According to Watkins (in The American Heritage Dictionary of Indo-European Roots), the Germanic root of both shirt and skirt is *skurtaz, meaning “to cut”, from which he also derives the English adjective short. (The asterisk marks a reconstructed form.) A shirt and a skirt are short garments, garments that are cut off, and that’s the connection among these three words. We could also add the noun shorts, another cut off garment. (Compare the term “cut offs”.) So far we have shirt, skirt, short, and shorts as cognates all derived from a single Germanic root.
But there’s more. Watkins traces all these back to a Proto-Indo-European root *sker or *ker, which meant “to cut”. The form *sker produces several English words, all of which have something to do with cutting. These include shears and to shear, the share part of ploughshare, and to score, meaning “to cut”; you can cut notches in a piece of wood to keep score, and if you cut twenty notches you have a score. The idea of cutting is also found in the words scar, shards, and scrape (which leaves out the vowel between the “sk” and the “r”, in what is called the zero grade of the root).

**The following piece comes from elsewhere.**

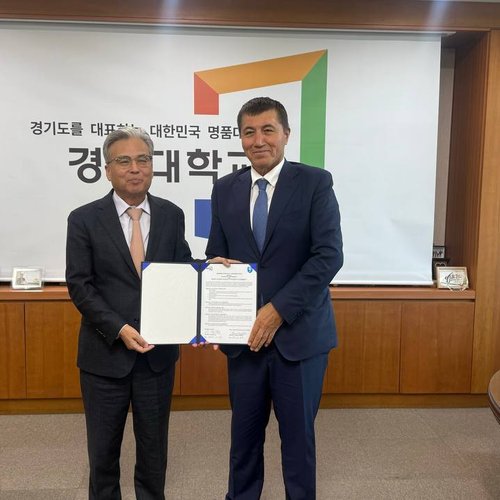 Janubiy Koreyaning ilm-fan markazlaridan biri — Gyeongsang National University (GNU) bugun Kimyo International University in Tashkent (KIUT) delegatsiyasining navbatdagi manzili bo‘ldi.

The *ker form of the root gives the Latin adjective curtus, “short”, from which French gets court and English gets curt and curtail. The form *ker, or a variant thereof, also gives cortex, which means “bark [of a tree]” in Latin—probably because the bark can be cut off the wood—and thus an outer surface, for instance, the cerebral cortex, which is the outer surface of the brain—the “bark” of the brain, so to speak. The *ker root also gives the Latin corium, which means “hide”, that is, the hide of an animal, and this gives the English excoriate; the literal meaning is “to take the hide off something” but the metaphorical meaning, which I think is more common, is “to criticize severely”, that is, as we say, to take the hide off someone.
Watkins notes a variant form of the root, *kar, which gives the Latin caro (genitive carnis), which means “flesh”—I suppose the connection is that flesh is something that gets cut—and this gives another group of English words, including carnage, carnal, carnation, carnivore, carnival, carrion, charnel, and crone. These are all members of the same etymological family that shirt and skirt and short belong to, but I would say they are distant relatives.
I find these etymological families fascinating and I will continue with another family or two in my next posts. As always, I welcome comments, responses, and questions.